I should have taken pictures of some of the projects we've done, but I didn't. I'll repent and do better. All in all this has been a great month. The kids have learned lots and have lots more to learn, and the same can be said about me. It's a grand adventure...
Just a little something to make the other fellas jealous. She's mine, boys... HA HA HA HA!

Sorry for the random pics, but I needed a way to keep you interested. I promise I'll try to not do many of these "wordy" posts. I know you just want to see the kids doing crazy, funny, cute, and stupid things when you come here, so I'll do my best to oblige.

I'd swallow it if I could...

So there you have it. Life is good, despite the struggles. Onward and forward!

"The sheets were softer in heaven, but this'll do..."

Friday, August 30, 2013

Get Me Off This Ride...

You see it all the time on YouTube and all your other favorite "How much time can I waste?" websites and tv shows...

... and yet when it's your kid, it's SO much more entertaining.

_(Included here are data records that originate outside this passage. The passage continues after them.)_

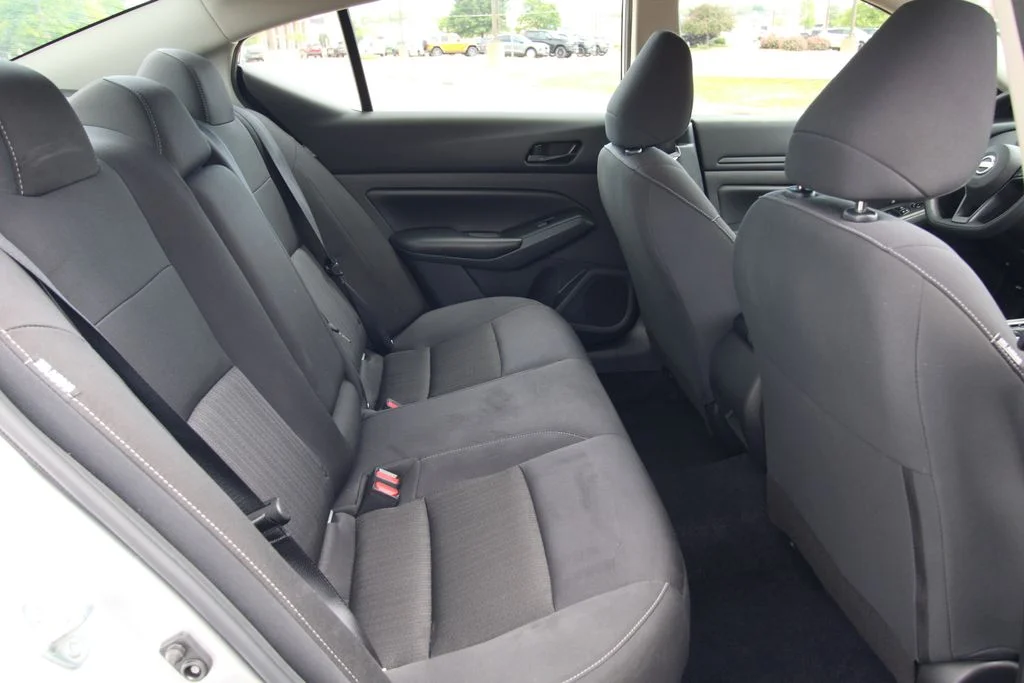 Used 2024 Silver Nissan 2.5 S image 9
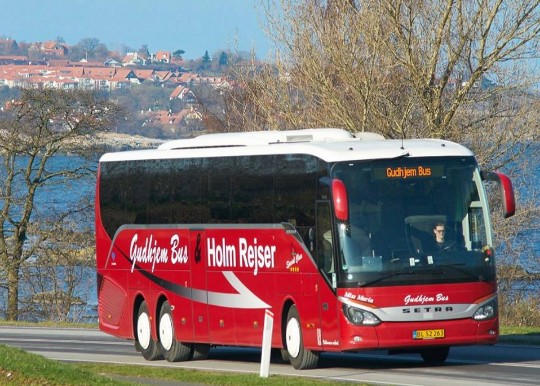 Gudhjem Bus havde underskud t�t p� 2 mio. kr.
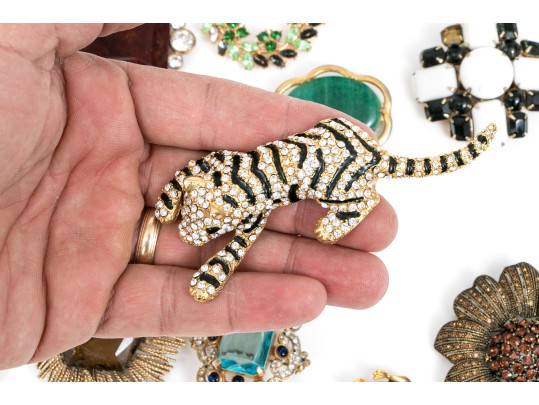 Handsome Lot Of Nicely Made Costume Jewelry, Including Ciner And Trifari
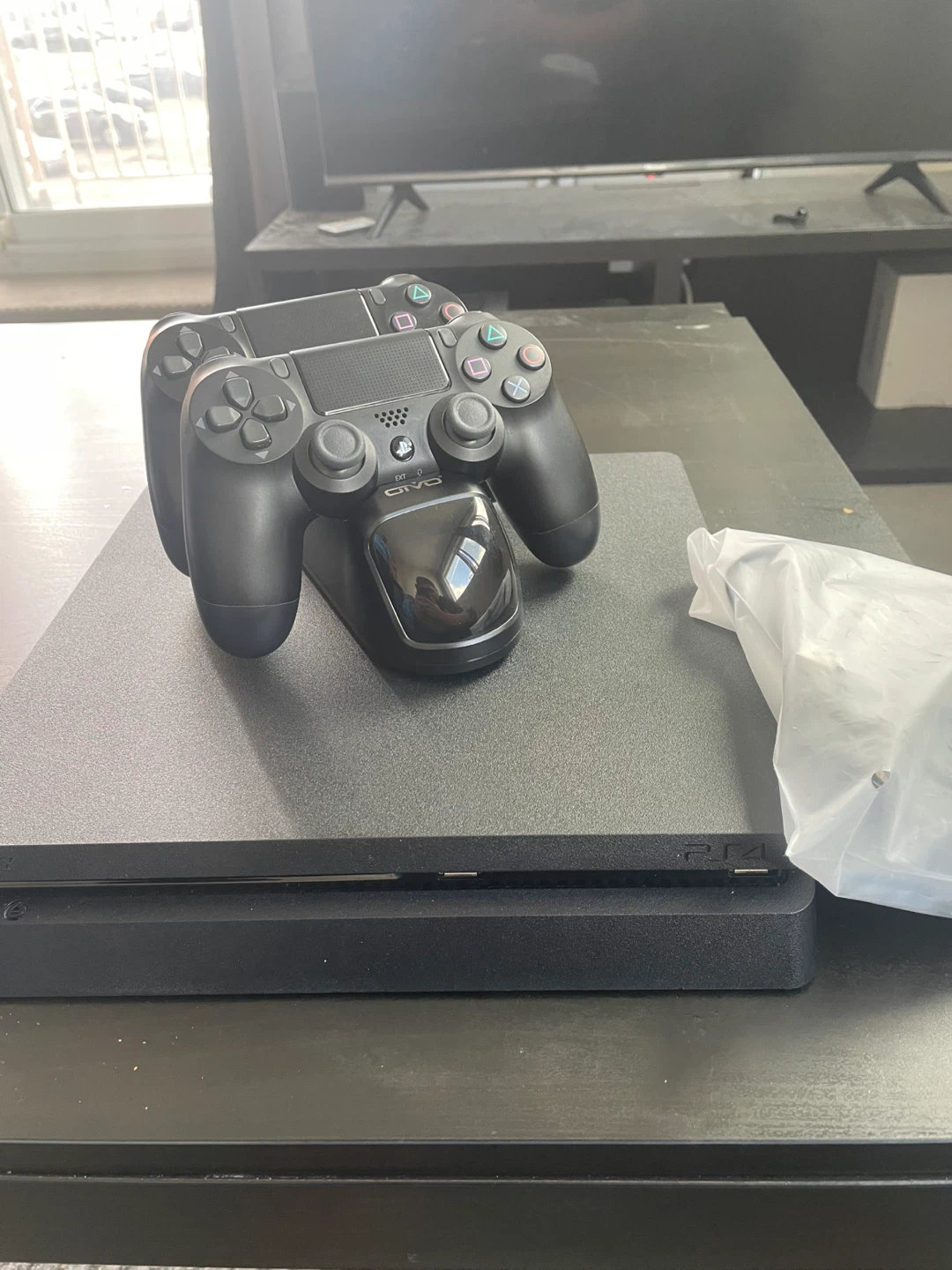 PlayStation 4 Slim 1tb, 2 Controllers and a charging dock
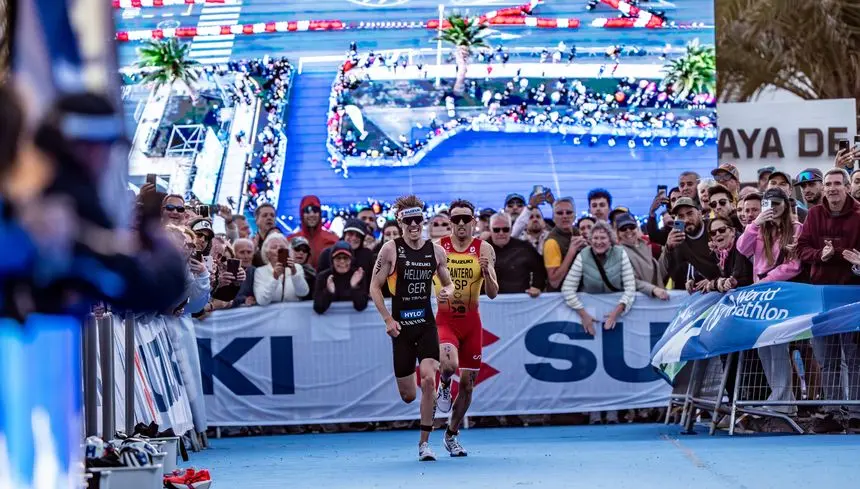 Imagen de la llegada a la meta en un enfrentamiento tremendo entre el atleta alem&aacute;n y el espa&ntilde;ol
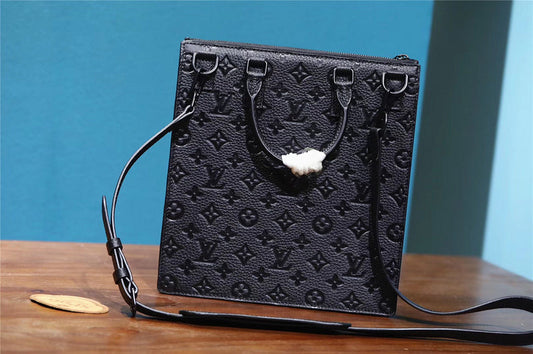 Alice bags - Louis Vuittons - 10437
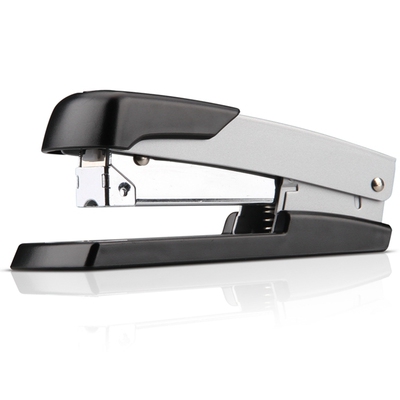 得力0416轻便厚层订书机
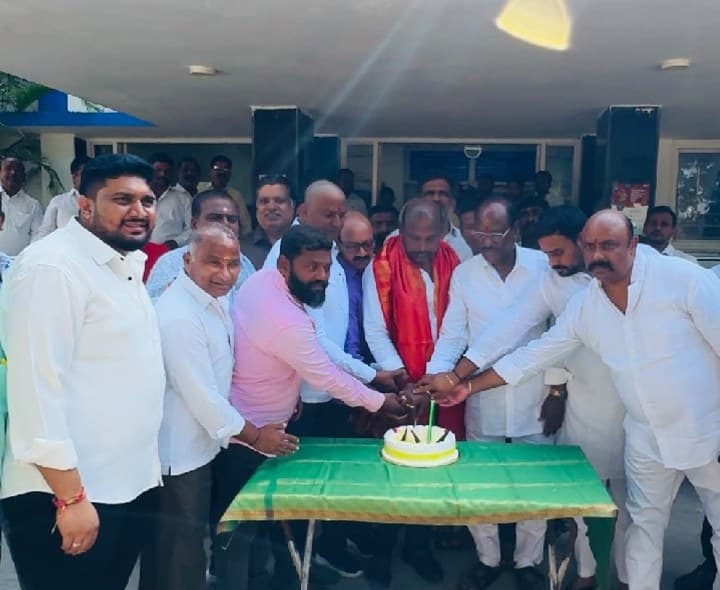 రామచంద్రాపురంలో ఘనంగా జీఎంఆర్ జన్మదిన వేడుకలు - Udayam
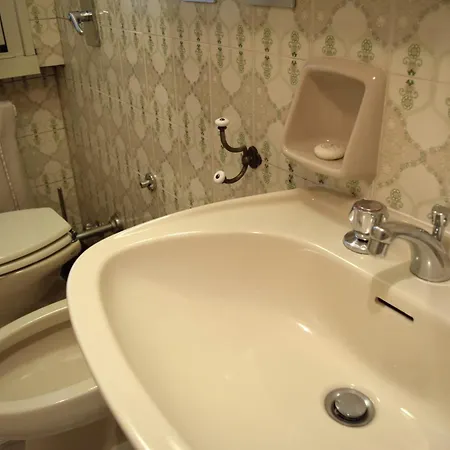 Casa Laghetto Policlinico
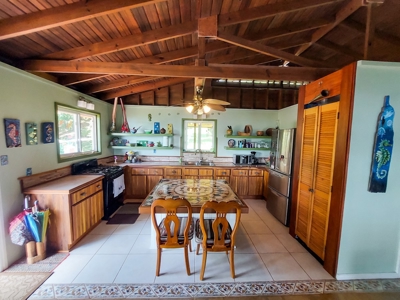 Titled Off-grid Coastal Home, Tierra Oscura, Bocas del Toro - image 22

Man, it's moments like this that you live for. I can't wait until he's 40 years old and we pull out this video. Talk about fun family memories. Thanks for making us laugh, little buddy!

Tuesday, August 20, 2013

Games for Kindergartners

One of the fun things about homeschooling is that I get to sit down each night and decide what to teach the kids the next day. Part of that is scouting out fun computer games for them to do while I'm away at work. I'm not going to lie, I think I enjoy the games more than the kids do. I know what you're thinking... "That Justin, he just likes the games because they're so easy, and it makes him feel smart and important to beat them." Okay, so you've got me; I do like that. But sometimes you come across a game and think, "Are these people for real?" Here is one such game (click the caption to go play for yourself):

Balls and Boxes

Are you serious? For KINDERGARTNERS? I can't even get past the 3rd level!! Show me a kindergartner who can keep up with this electronic hustler, and I'll show you a kindergartner I'm taking to Vegas with me next weekend.

I hope you enjoy the game... I sat there for about 30 minutes cursing at the computer every time I chose the wrong box... and loving every minute of it. You know what they say... "A game a day keeps the Alzheimers away!"

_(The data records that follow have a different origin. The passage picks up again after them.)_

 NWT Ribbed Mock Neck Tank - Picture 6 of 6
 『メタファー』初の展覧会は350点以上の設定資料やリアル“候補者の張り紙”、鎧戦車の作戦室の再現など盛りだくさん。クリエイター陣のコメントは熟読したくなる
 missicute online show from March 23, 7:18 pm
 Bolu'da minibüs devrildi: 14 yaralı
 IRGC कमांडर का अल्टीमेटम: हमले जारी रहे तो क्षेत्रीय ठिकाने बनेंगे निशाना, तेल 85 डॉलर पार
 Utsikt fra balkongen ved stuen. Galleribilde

Keep those brains a workin'!

UPDATE: I just made it to Level 5, but I completely guessed on Level 4 and the gods smiled down upon me. I don't know who reads this, but if you're out there, I want to know how far you can get in this confounded game. WHAT'S WRONG WITH ME?!?

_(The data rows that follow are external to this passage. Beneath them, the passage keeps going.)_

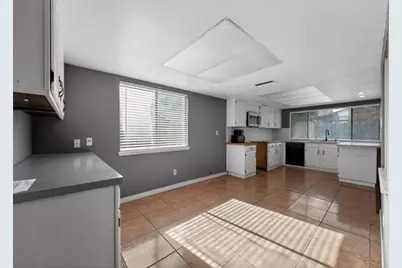 7700 Acapulco Road, Fort Worth, TX 76112 - Photo 9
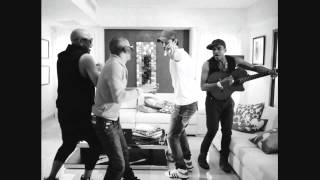 Enrique Iglesias  Bailando Español ft Descemer Bueno Gente De Zona Bailando Letra 2014 [upl. by Keare]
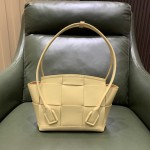 Bottega Veneta  𝙏𝙝𝙚 𝘼𝙧𝙘𝙤 𝟯𝟯 #575943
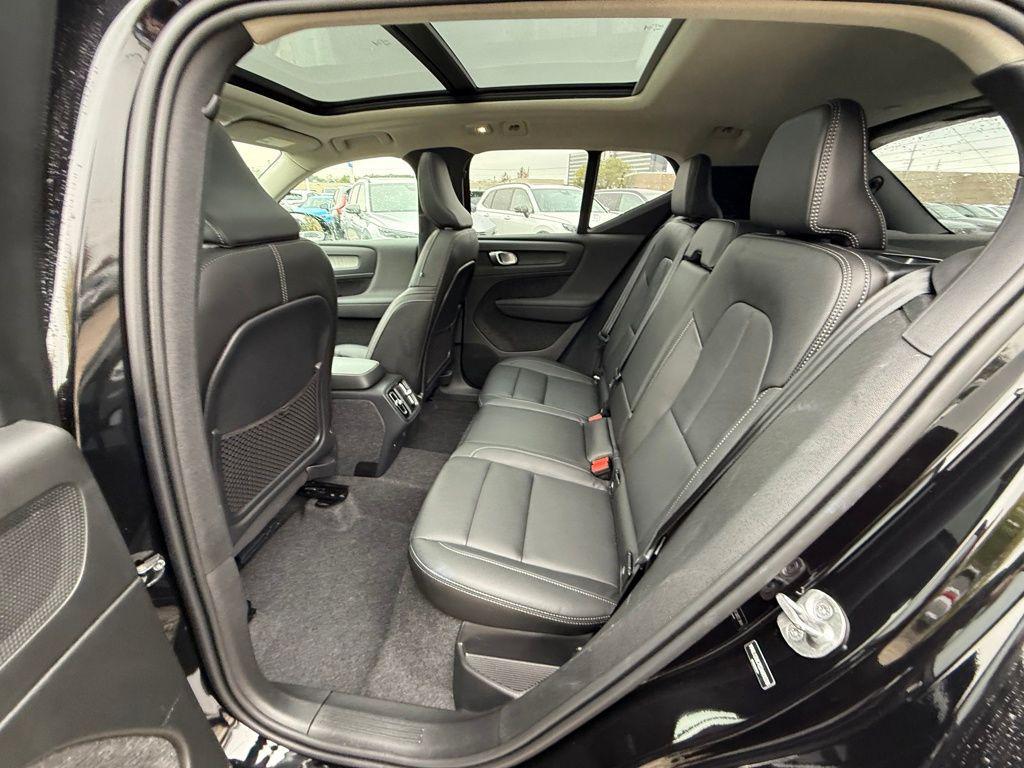 used 2025 Volvo XC40 car, priced at $35,665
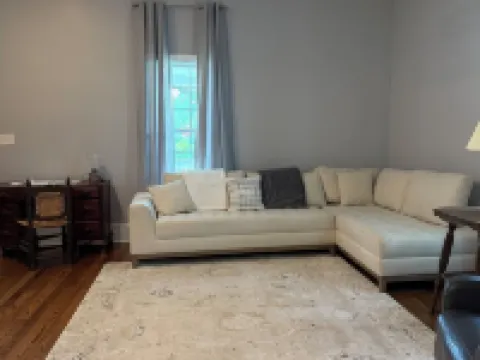 East Madison Escape. Hotels in Pulaski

Wednesday, August 14, 2013

Face Painting Anteaters...

Somehow we discovered that using dry-erase markers as face paint is a GREAT idea. It goes on smooth and, remarkably, comes off just as easy. Now, before you go marking your face all up, make sure you do a test with YOUR markers somewhere it's not likely to be noticed (I'll leave it to you to pick the spot). But OUR markers ROCK! They go right on, and come right off. Here's a couple of the faces the kids have done over the last little while:

Cutie Pie!


Tiger Boy!

Uhhh... Superpurpulicious Sweetie? 


As you can see, we've been having lots of fun. The first time I saw them do it, I about lost it... seriously, guys - MARKER ON YOUR FACE!?!? Then they showed me how easy it came off and I was like, "Dang, Gina! How come my parents never let me draw on MY face with a dry-erase marker?"

We've also been having fun with our new chore charts. A.J.'s chore was to clean the floor. I'm not sure this is what Katie had in mind when she assigned it to him:



Like I say in the video, as far as I'm concerned, that counts for sweeping AND mopping. Good job, little man! Bathrooms are next (I kid!).

Have a good one and remember, be GOOD, have FUN, and always be LEARNING!



Tuesday, August 6, 2013

Happy Birthday!

I came home to lunch today to a surprise party the kids threw for me:


In case you don't read "Evelyn-ese", that translates to "Happy Birthday to Daddy". 

A.J. refused to have his picture taken. A chip off the old block, that one is.

Speaking of happy events, we blessed Sylvia this weekend. Here's the family:


And here's Evelyn holding Sylvia after church:


She's a good big sister, eh?

Have a good one, and always remember: Be GOOD, Have FUN, and always be LEARNING!


Monday, August 5, 2013

All I Want for Christmas...

In the morning...

Later that night!

... One came out at the pool while she was blowing water through a noodle (not into the pool, thankfully!), and one came out while I was getting dinner at Noodles & Company. What is it about noodles that makes this girls teeth fall out? She better be careful or she's going to need to get some dentures before she's 7...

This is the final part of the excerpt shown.